* Required action *
Take nothing but the lines from the one with "1088 Bishop Sts" through the one with "A modern bedroom" in the entries below, both ends kept, and return them exactly with pictures left out.

* Data to examine *
--------
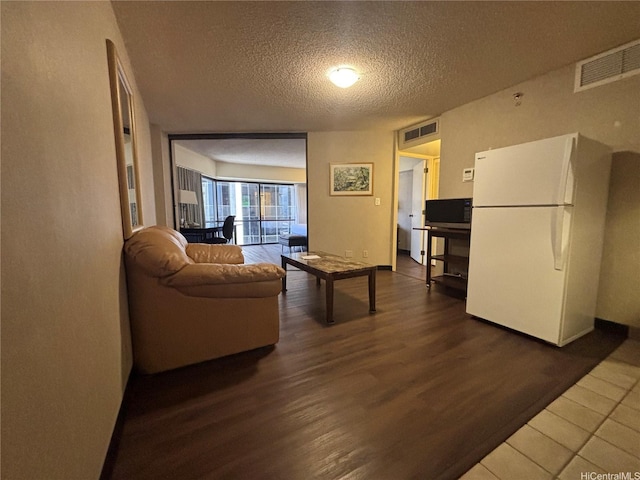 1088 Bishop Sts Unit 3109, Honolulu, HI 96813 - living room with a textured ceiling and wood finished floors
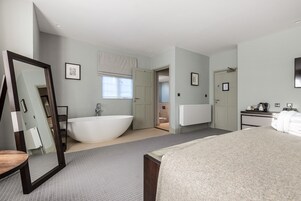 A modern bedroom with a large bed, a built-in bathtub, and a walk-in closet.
--------
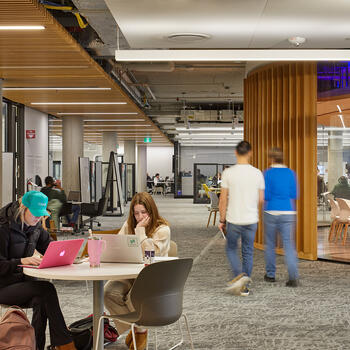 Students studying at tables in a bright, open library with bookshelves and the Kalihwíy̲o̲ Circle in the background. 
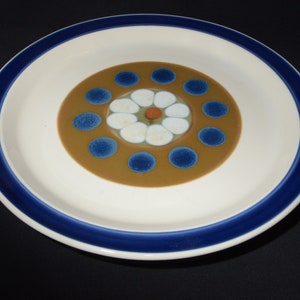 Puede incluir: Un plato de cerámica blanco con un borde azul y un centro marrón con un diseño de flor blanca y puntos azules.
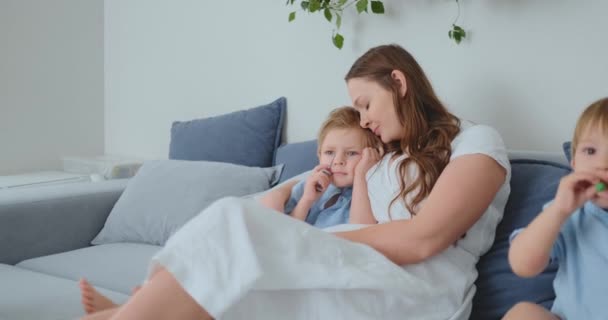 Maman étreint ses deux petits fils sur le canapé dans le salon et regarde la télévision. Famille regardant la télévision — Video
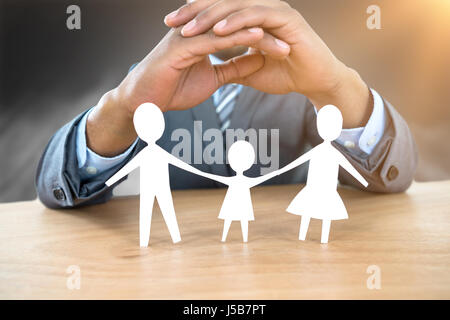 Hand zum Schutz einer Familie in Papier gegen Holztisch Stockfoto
--------
* Answer *
 1088 Bishop Sts Unit 3109, Honolulu, HI 96813 - living room with a textured ceiling and wood finished floors
 A modern bedroom with a large bed, a built-in bathtub, and a walk-in closet.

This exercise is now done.